テレビがなかった時代、人々はどうやって娯楽を楽しんでいたのか
公開日:2026-08-02
スイッチを押せば映像と音声が飛び込んでくる。この箱が茶の間に来たのは、戦後のことだ。
テレビが一般家庭に普及したのは、1950年代後半のことだ。
電源を入れれば、遠くの出来事が映像として届く。今の暮らしでテレビのない家庭は少数派だが、「動く映像を家で見る」という体験が当たり前になったのは、人類の歴史からすればつい最近のことだ。
今、当たり前にあるもの
現在の日本では薄型テレビが標準で、4K・8Kの高精細映像が楽しめる。地上波・BS・CSの多チャンネルに加え、NetflixやAmazon Prime VideoなどのVODサービスとテレビを接続する形も一般化している。
録画機器の進化で「見たい番組を見たい時間に見る」スタイルが定着し、リアルタイム視聴の比重は下がりつつある。
それがなかった時代
テレビが登場する前、家庭での主な娯楽は「ラジオ」「読書」「演芸・寄席」だった。
ラジオは1925年(大正14年)に日本で放送が始まり、家庭の娯楽の中心となった。天気予報・ニュース・音楽・ドラマをラジオで楽しむのが戦前・戦中の標準的な生活だった。
外に出る娯楽としては、映画が圧倒的な人気を誇った。活動写真(映画)の登場は明治末期で、大正・昭和にかけて映画館が全国に広まった。「映画を見に行く」ことは特別な体験で、映画館は庶民の夢の場所だった。

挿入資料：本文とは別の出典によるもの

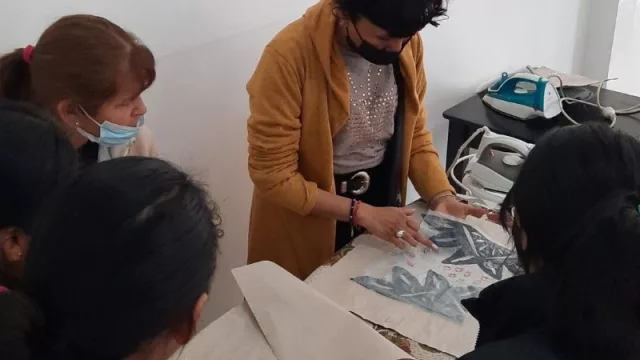 Emprendedoras se diversifican y aprenden técnicas para sus proyectos (ofertas de capacitación)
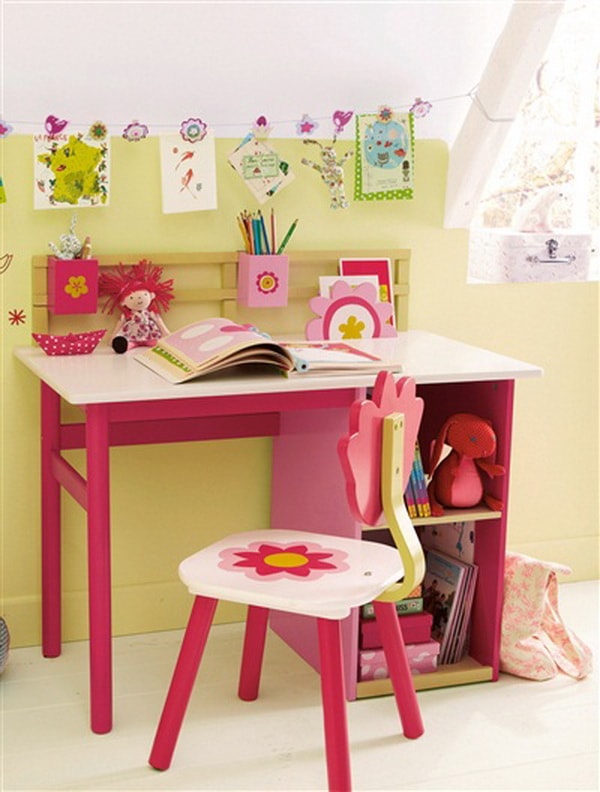 Zona de estudio infantil en rosa y amarillo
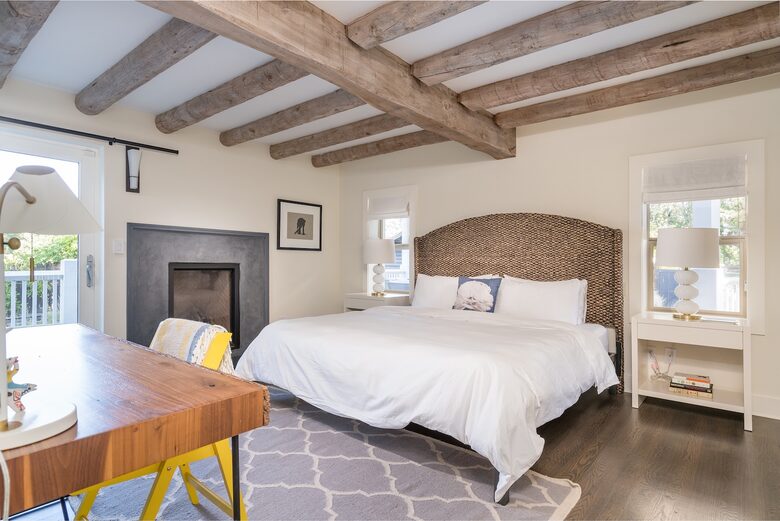 Downstairs King Bedroom with En-suite bathroom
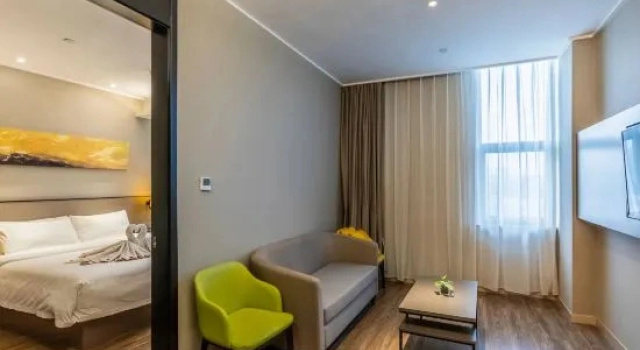 Двухместный люкс Homeinn Plus Hotel (Tai'an Dongyue Street Renault Wuyue Plaza)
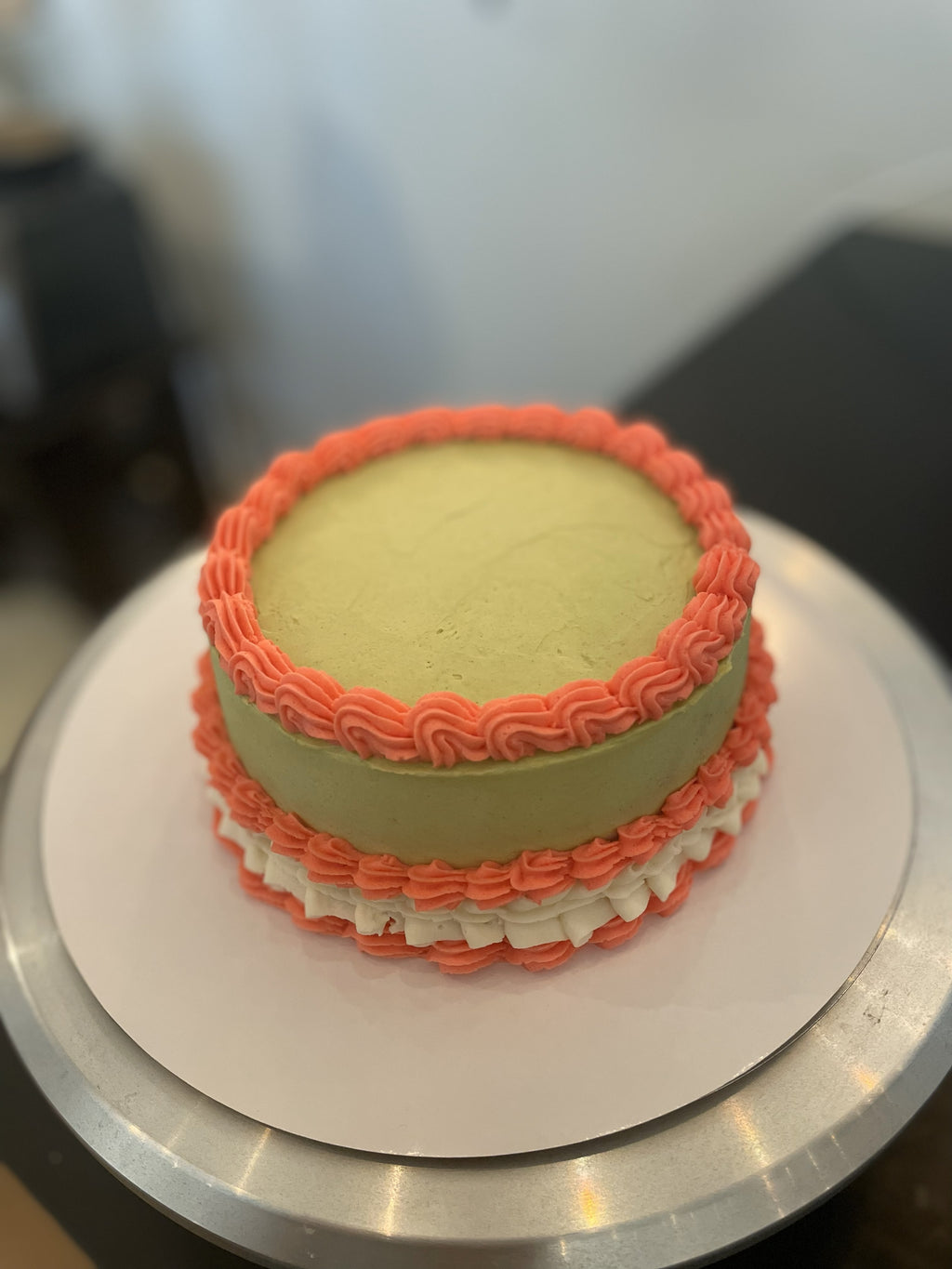 Customized 6-inch 2-layer cakes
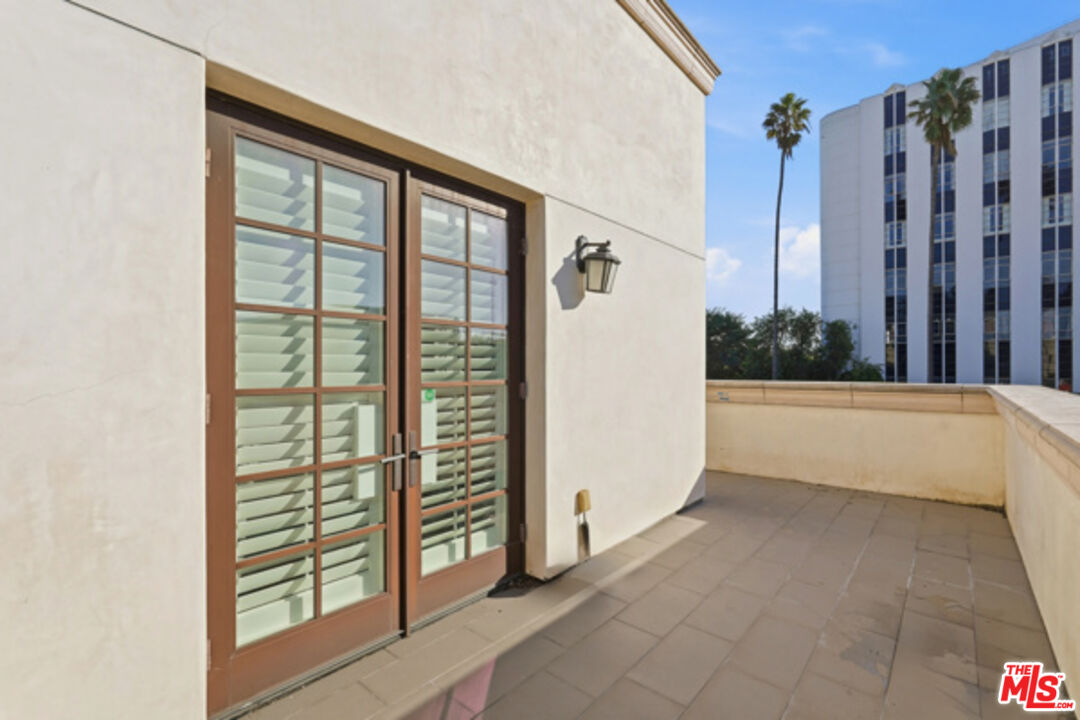 4661 Wilshire Blvd Unit: 204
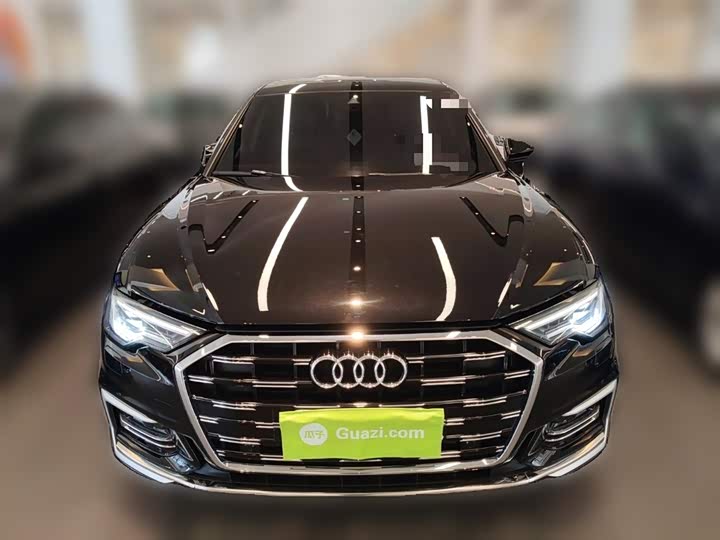 Фото 5 - Audi A6L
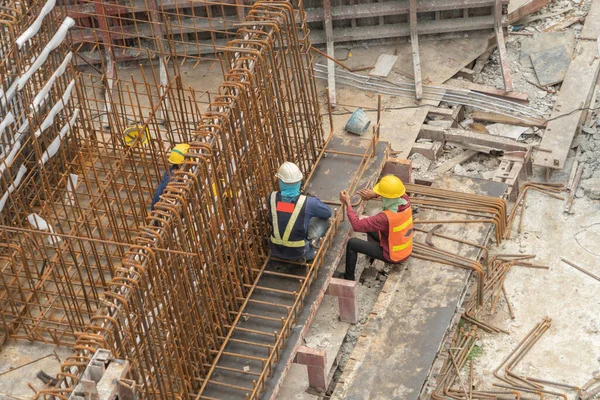 Luftaufnahme Von Fleißigen Industriearbeitern Unter Baustellen Die Mit Kränen Und — Stockfoto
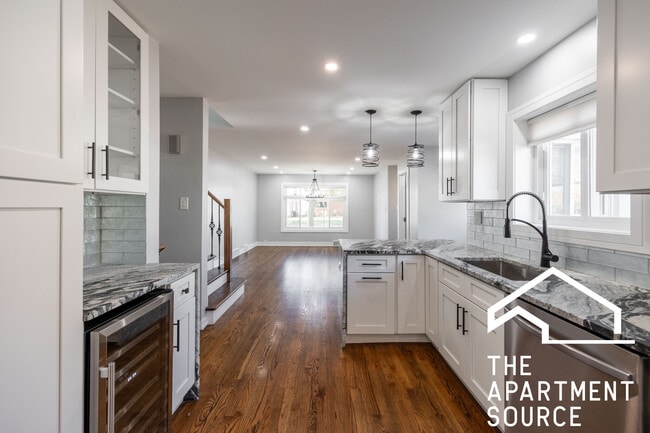 Building Photo - 7225 E Prairie Rd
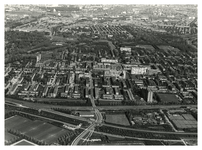 1979-2568 Luchtopname van de wijk Pendrecht in vogelvlucht, in het midden het Zuiderpark en op de achtergrond het ...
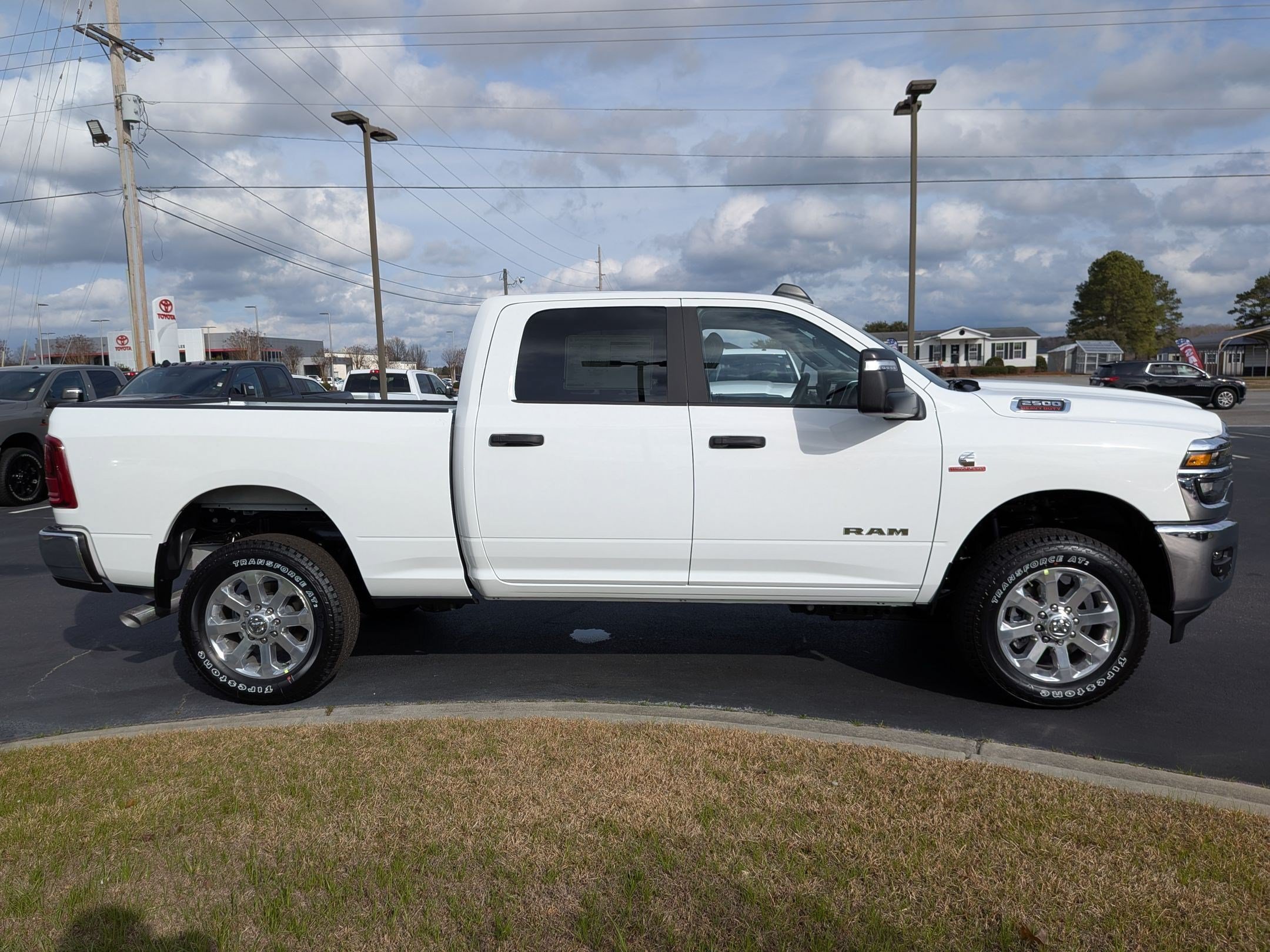 New 2026 RAM 2500 Big Horn AWD/4WD image 4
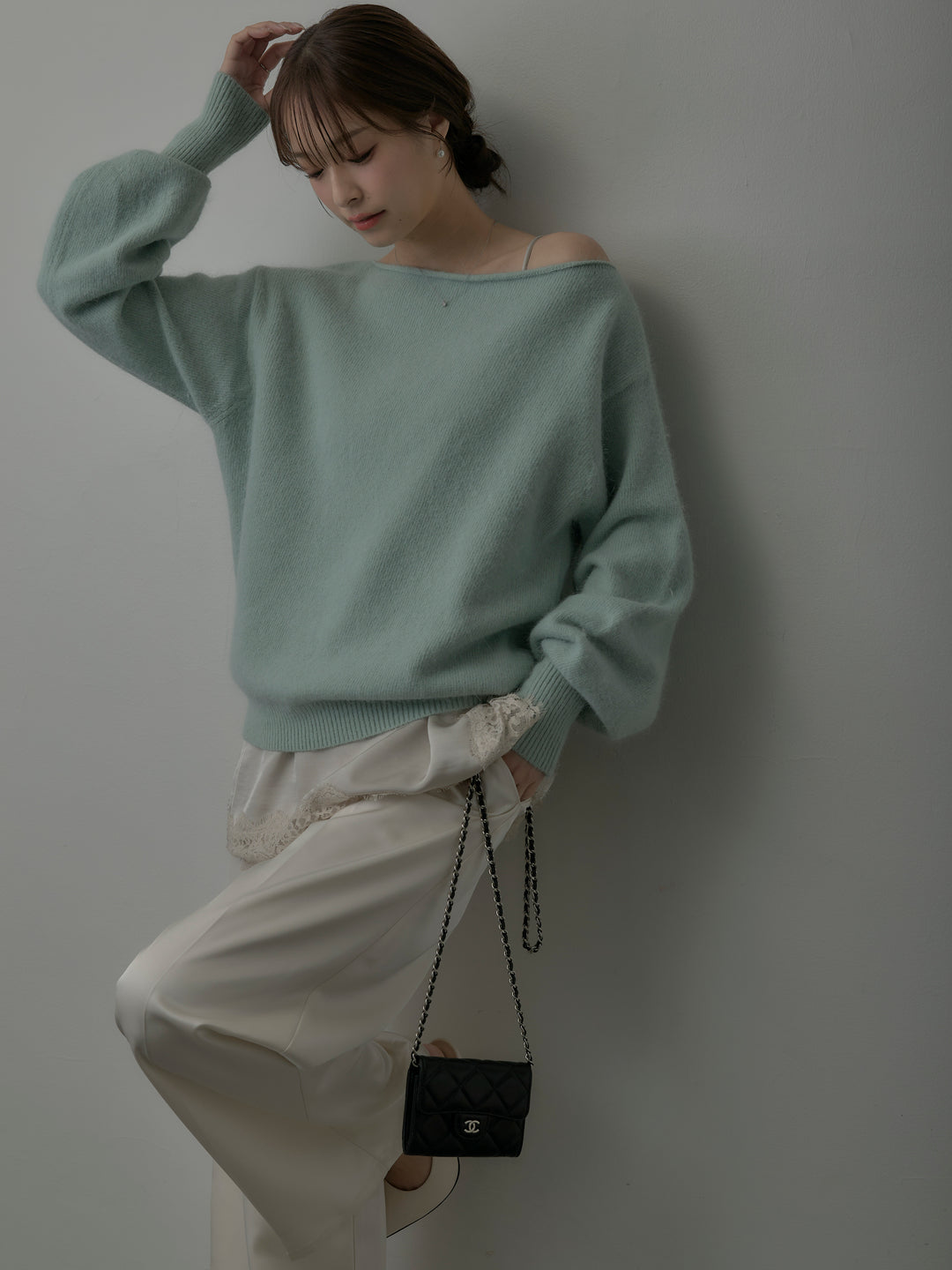 【SET】【premium touch】2wayショルダーニットプルオーバー+レースサテンキャミソール+【Essential】センタープレスサテンパンツ(3set)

落語・浪曲・講談などの演芸も、寄席や街頭で人々の笑いと感動を生んでいた。旅芸人の一座が村々を回り、その地域の人々が楽しみにして集まった。
どう変わってきたか
日本でテレビ放送が始まったのは1953年(昭和28年)2月1日、NHKの本放送開始だ。当初のテレビ受像機は非常に高価で、一般家庭には手が届かなかった。
街頭に設置された「街頭テレビ」に群衆が集まる光景が生まれた。プロレスや野球の試合が映ると、人々が路上に人垣を作り見入った。テレビは「見に行くもの」だった時代だ。
1964年の東京オリンピックがテレビ普及の決定打になった。開会式を見るために各家庭がテレビを購入し、普及率が一気に跳ね上がった。この年を境に「茶の間にテレビがある」が日本の標準的な家庭の姿になった。
カラー放送に反対したのは、白黒テレビのメーカーだった
1960年(昭和35年)、日本でカラーテレビ放送が始まった。しかし普及には時間がかかった。
理由の一つは価格だ。カラーテレビは当時の大卒初任給の10倍以上で、庶民には手が出なかった。
だがもう一つ、あまり知られていない理由がある。カラー放送の普及を遅らせようとする勢力が業界内に存在したのだ。白黒テレビを大量に販売しているメーカーにとって、カラーへの移行は在庫と設備の損失を意味した。カラー放送の本格普及を歓迎しない立場が、業界内で一定の力を持っていた。
技術の進歩が常に歓迎されるとは限らない。既存の技術に利益を持つ側が、新しい技術の普及を遅らせようとすることは、どの時代にも起きてきた。カラーテレビはその一例だ。